--- EXERCISE DATA Enclosed Below ---
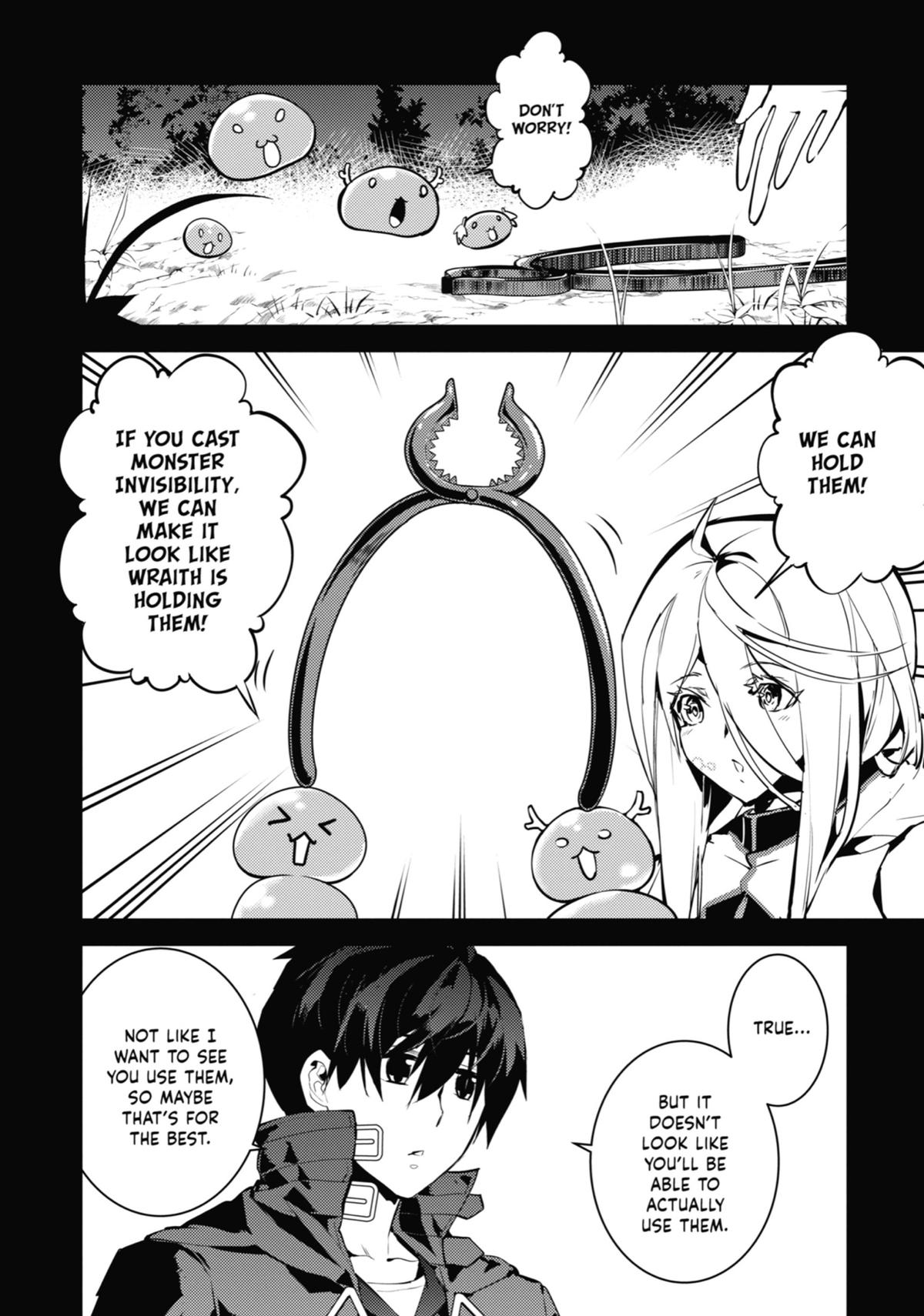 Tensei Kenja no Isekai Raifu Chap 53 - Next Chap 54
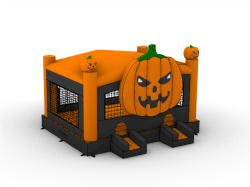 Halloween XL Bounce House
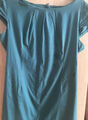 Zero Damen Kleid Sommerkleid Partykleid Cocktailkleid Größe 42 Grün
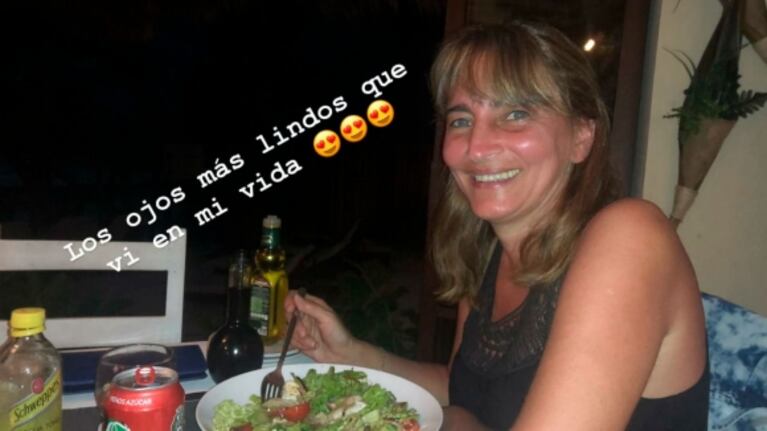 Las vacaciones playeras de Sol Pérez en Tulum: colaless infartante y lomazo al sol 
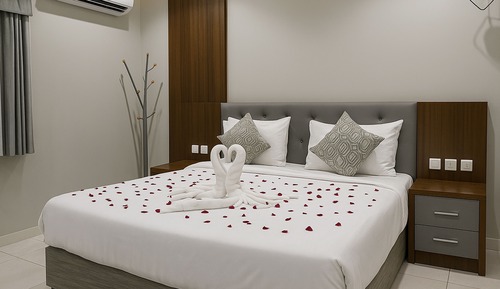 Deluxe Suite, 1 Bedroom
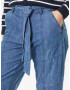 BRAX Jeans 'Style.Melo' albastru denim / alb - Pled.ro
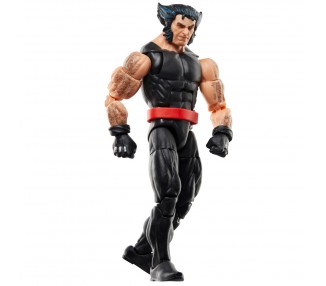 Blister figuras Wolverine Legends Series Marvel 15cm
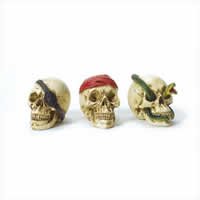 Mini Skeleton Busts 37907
--- End of Enclosed EXERCISE DATA ---
WORK TASK –
Every line from the one that holds "Las vacaciones playeras" to the last line of the records above goes into the answer, exactly as written; nothing else does, and no picture does either.

SOLVED EXERCISE –
 Las vacaciones playeras de Sol Pérez en Tulum: colaless infartante y lomazo al sol 
 Deluxe Suite, 1 Bedroom
 BRAX Jeans 'Style.Melo' albastru denim / alb - Pled.ro
 Blister figuras Wolverine Legends Series Marvel 15cm
 Mini Skeleton Busts 37907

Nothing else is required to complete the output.